A 1999 article in the Weekly Mail & Guardian, a South African newspaper, called the changing production pattern one of the country's most significant agricultural developments. That article reported that while maize and wheat output declined, production of canola, sunflower seed, lupins and other crops increased sharply, and revenues from citrus and other fruit also were higher.

The article noted that while some of the change was related to weather, the data indicated "growth in more intensive farming, potentially at least more small-scale." But whether these trends persist over the long term is unclear.

Maize plantings and production this season are expected to recover, with estimated area in 1999-00 increasing by about 10% from the previous season, to a projected 3.2 million ha. Observers attribute the higher maize area to depressed prices for competing crops, as well as to beneficial rains in December.

For flour mills, the sweeping agricultural and economic reforms have increased competitive pressures, although the modern and already concentrated industry was in a good position to face the challenge. Both the wheat and maize milling sectors have been dominated by no more than 10 large companies, and the changes are encouraging additional restructuring and consolidation.
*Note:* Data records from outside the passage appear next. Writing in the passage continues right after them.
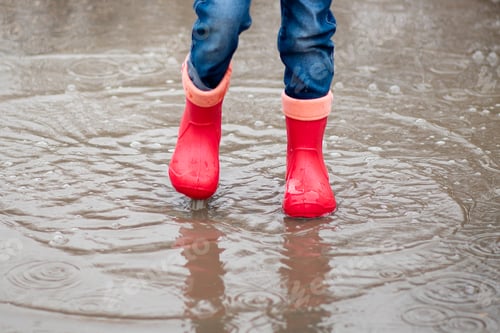 Preview: A cute little girl red boots jump in puddles and has a fun. Happy childhood. Early spring. Emotions.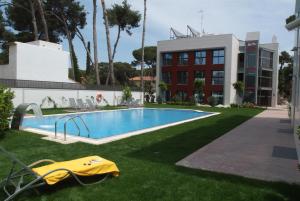 une piscine dans l'herbe à côté d'un bâtiment dans l'établissement Apartamentos Royal Marina Gardens, à Castelldefels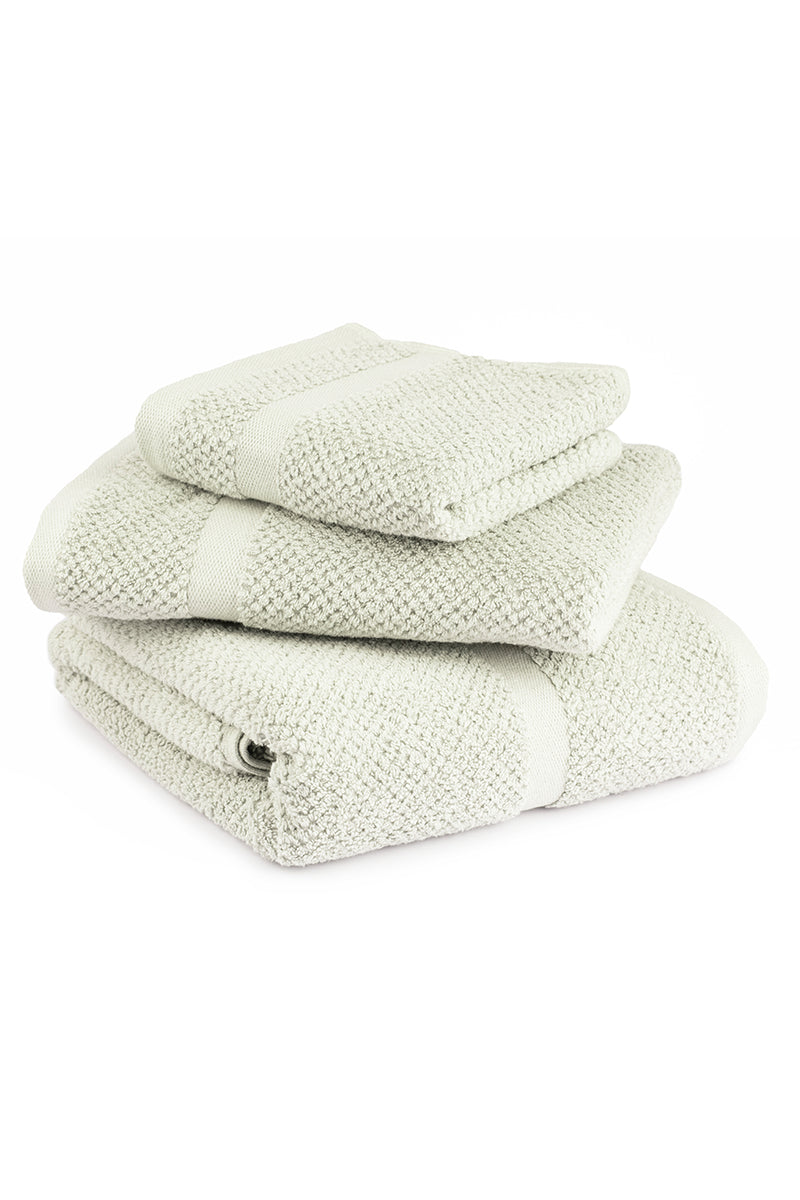 Set of three folded towels in light green on a white background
In 1997, Bokomo and Sasko, two large wheat flour milling companies, merged to form Pioneer Food Group. That company, along with Genfood and Tiger Milling Co., operate some 25 to 30 wheat flour mills in total, while another 15 to 20 individual companies operate single mills. The maize milling industry consists primarily of eight companies, including Genfood and Tiger Milling, operating 40 to 50 mills, with 19 smaller individual company mills.

Most wheat is processed for human consumption. Total use gradually increased in the 1990s, peaking at 2.9 million tonnes in 1997, but has dropped as economic growth has slowed.

Food use of maize has shown an inverse relationship to wheat, on a declining trend through the 1990s until 1997, when consumption increased. Food use has been fairly stable the past two years.

FEED AND LIVESTOCK. An average of about 50% to 55% of total maize use, primarily yellow maize, is for feed, and maize is the primary feed ingredient. After soaring maize prices in 1996, costs have declined. Yet, the industry remains pressured by a number of factors, including tariffs on imported ingredients and a rise in processed meat imports.

Meat processing is South Africa's single largest food sub-sector, accounting for 25% of total food production. As with the grain industry, gathering of necessary information for the feed and meat markets collapsed with the termination of the Meat Board. The South African Meat Industry Co. has been formed to assume the information function, but has not yet established an effective information database, and reliable statistics remain imprecise or unavailable.

TRADE. South Africa's market and agricultural reforms eliminated direct government import controls, replacing them with a tariff system compatible with W.T.O. regulations.

The Board of Tariffs and Trade establishes import tariffs for maize and wheat. The wheat tariff is based on a formula using a moving average of the Argentine Trigo Pan price as reported by the International Grains Council compared with the reference import price.

Until April 1999, the wheat import tariff was set at zero. At that time the Board, reportedly alarmed at the decline in wheat area and concerned about the negative effect of imports, imposed a tariff of U.S.$29 a tonne.

Currently, the duty on imported wheat is about U.S.$44 a tonne. Recent reports from South Africa indicate 1999-00 imports might reach as much as 650,000 tonnes of wheat to meet consumption and quality needs and maintain adequate stocks. Imports in the previous season were about 550,000 tonnes.

For maize, the Board tracks the price of U.S. No. 3 yellow maize to determine tariff levels under a formula similar to wheat. Although South Africa is a maize exporter, some is imported each season, as users on the west coast find it cheaper to import than to haul cross-country from eastern production areas.

In November, the Board raised the tariff to U.S.$25 a tonne following a slide in international prices. After prices increased from those lows in December, the National Association of Maize Millers asked for and subsequently received a reduction to U.S.$15.